Multiple climate tipping points could be triggered if global temperature rises beyond 1.5°C above pre-industrial levels, according to a major new analysis published in the journal Science.
Even at current levels of global heating the world is already at risk of passing five dangerous climate tipping points, and risks increase with each tenth of a degree of further warming.
An international research team synthesised evidence for tipping points, their temperature thresholds, timescales, and impacts from a comprehensive review of over 200 papers published since 2008, when climate tipping points were first rigorously defined. They have increased the list of potential tipping points from nine to sixteen.
The research concludes human emissions have already pushed Earth into the tipping points danger zone.
Five of the sixteen may be triggered at today’s temperatures:
- The Greenland ice sheets
- West Antarctic ice sheets
- Widespread abrupt permafrost thaw
- Collapse of convection in the Labrador Sea
- Massive die-off of tropical coral reefs
Four of these move from possible events to likely at 1.5°C global warming, with five more becoming possible around this level of heating.
Already left safe climate
The Sixth Assessment Report of the Intergovernmental Panel on Climate Change (IPCC), stated that risks of triggering climate tipping points become high by around 2°C above preindustrial temperatures and very high by 2.5-4°C.
This new analysis indicates that Earth may have already left a ‘safe’ climate state when temperatures exceeded approximately 1°C warming. A conclusion of the research is therefore that even the United Nations’ Paris Agreement goal to limit warming to well-below 2°C and preferably 1.5°C is not enough to fully avoid dangerous climate change.
According to the assessment, tipping point likelihood increases markedly in the ‘Paris range’ of 1.5-2°C warming, with even higher risks beyond 2°C.
The study provides strong scientific support for the Paris Agreement and associated efforts to limit global warming to 1.5°C, because it shows that the risk of tipping points escalates beyond this level.
To have a 50% chance of achieving 1.5°C and thus limiting tipping point risks, global greenhouse gas emissions must be cut by half by 2030, reaching net-zero by 2050.
Video below: Co-author Johan Rockström, co-chair of the Earth Commission and director of the Potsdam Institute for Climate Impact Research reflects on the current trajectory of climate change:
New tipping elements
The researchers categorised the tipping elements into nine systems that affect the entire Earth system, such as Antarctica and the Amazon rainforest, and a further seven systems that if tipped would have profound regional consequences. The latter include the West African monsoon and the death of most coral reefs around the equator.

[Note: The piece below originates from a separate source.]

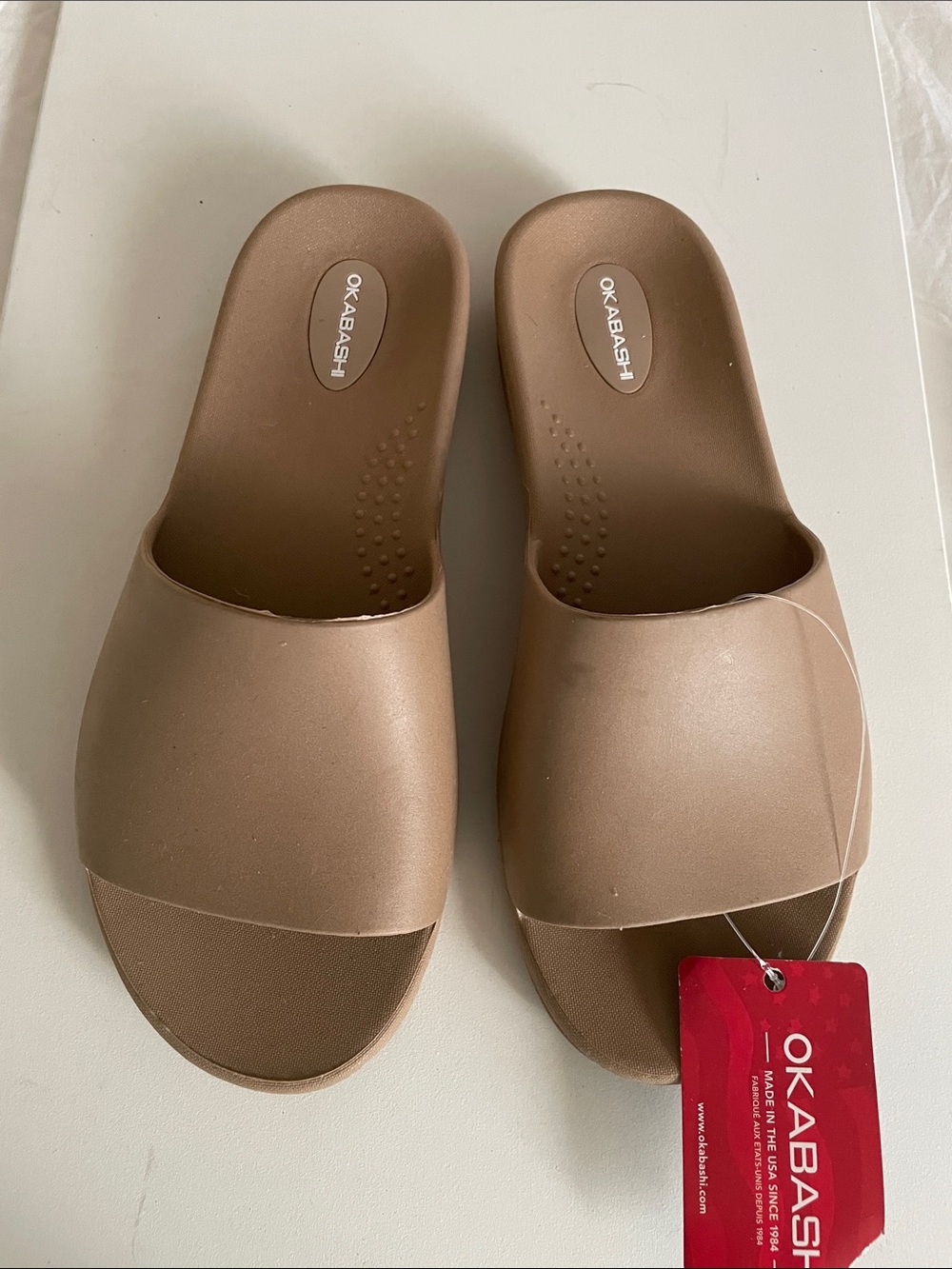 Okabashi Slip On Rubber Waterproof Sandals Slippers “Cruise” Tan NWT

Several new tipping elements such as Labrador Sea convection and East Antarctic subglacial basins have been added compared to the 2008 assessment, while Arctic summer sea ice and the El Niño Southern Oscillation (ENSO) have been removed for lack of evidence of tipping dynamics.
Updating global risks
Co-author Ricarda Winkelmann, a researcher at the Potsdam Institute for Climate Impact Research and a member of the Earth Commission says, “Importantly, many tipping elements in the Earth system are interlinked, making cascading tipping points a serious additional concern. In fact, interactions can lower the critical temperature thresholds beyond which individual tipping elements begin destabilising in the long-run.”
Armstrong McKay says, “We have made a first step towards updating the world on tipping point risks. There is an urgent need for a deeper international analysis, especially on tipping element interactions, towards which the Earth Commission is starting a Tipping Points Model Intercomparison Project (“TIPMIP”).”